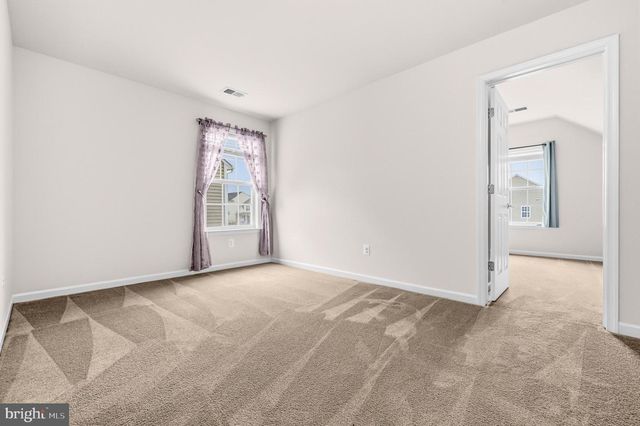 61 HUGHS RD, Charles Town, WV 25414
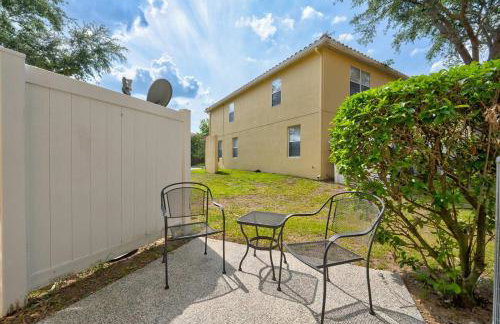 Comfy Townhome Minutes from Disney - Photo 37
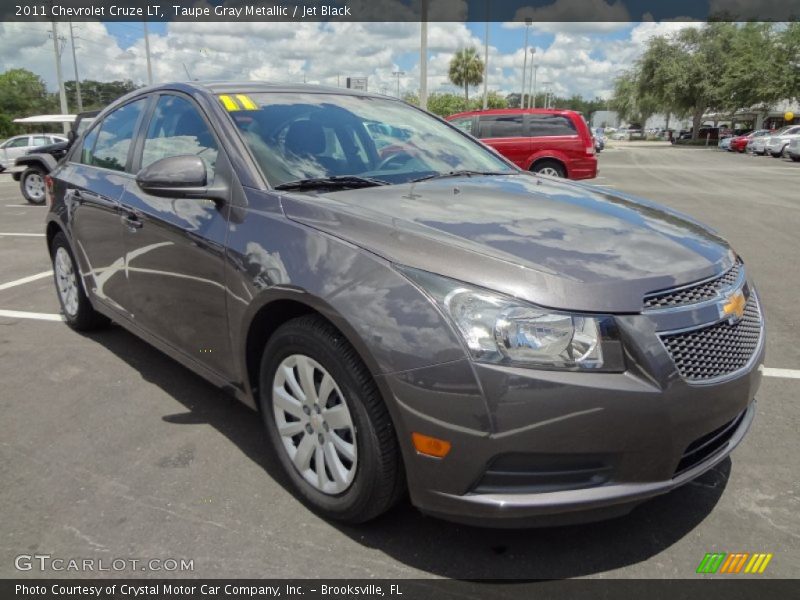 Taupe Gray Metallic / Jet Black 2011 Chevrolet Cruze LT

▸ ACTIVITY
Reproduce, exactly and without pictures, the lines above from the one containing "Comfy Townhome Minutes" through the last line of the material, both ends included, and nothing more.

▸ EXERCISE RESULT
 Comfy Townhome Minutes from Disney - Photo 37
 Taupe Gray Metallic / Jet Black 2011 Chevrolet Cruze LT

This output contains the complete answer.